### What the task requires
Would you repeat exactly the part of the listing below that runs from the line containing "Transparent Cat Backpack Carrier" down to the line containing "Cargador Portatil Vorago", inclusive, and nothing else?

======== Source data

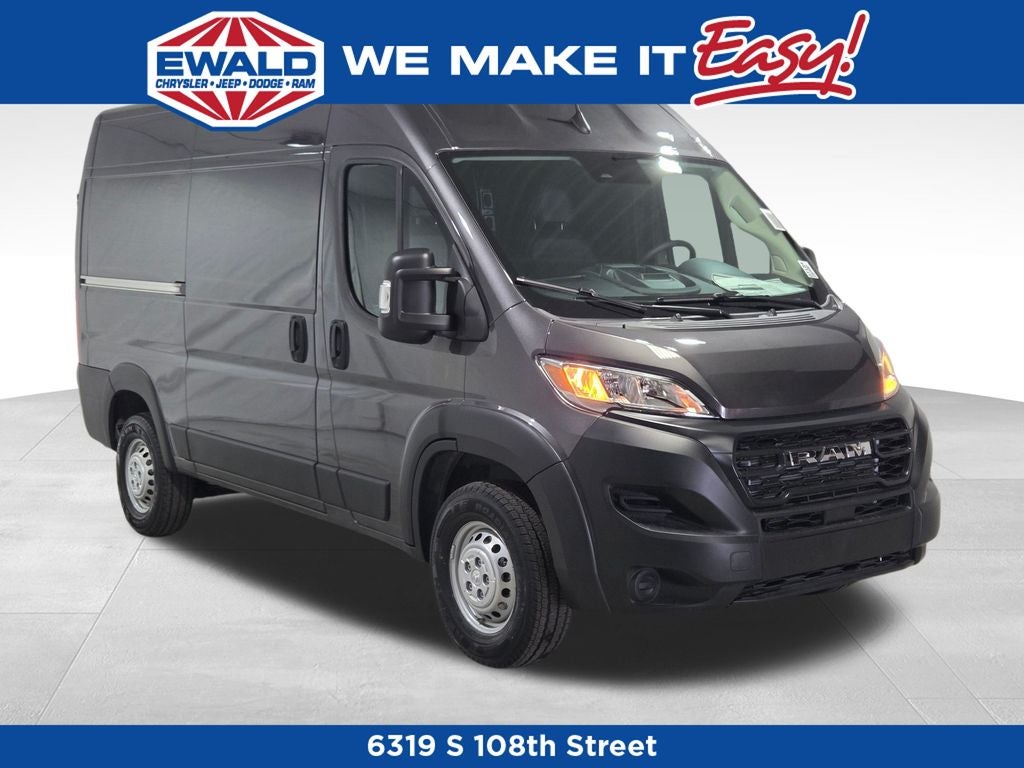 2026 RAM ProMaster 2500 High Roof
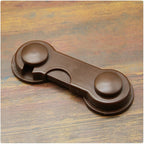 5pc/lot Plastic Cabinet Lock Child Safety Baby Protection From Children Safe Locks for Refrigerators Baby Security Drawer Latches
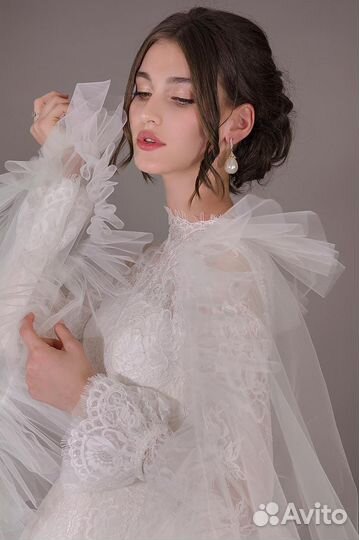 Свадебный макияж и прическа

================
======== Source data

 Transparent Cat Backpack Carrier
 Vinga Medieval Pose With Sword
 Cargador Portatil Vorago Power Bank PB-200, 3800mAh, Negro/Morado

================

### Reply
 Transparent Cat Backpack Carrier
 Vinga Medieval Pose With Sword
 Cargador Portatil Vorago Power Bank PB-200, 3800mAh, Negro/Morado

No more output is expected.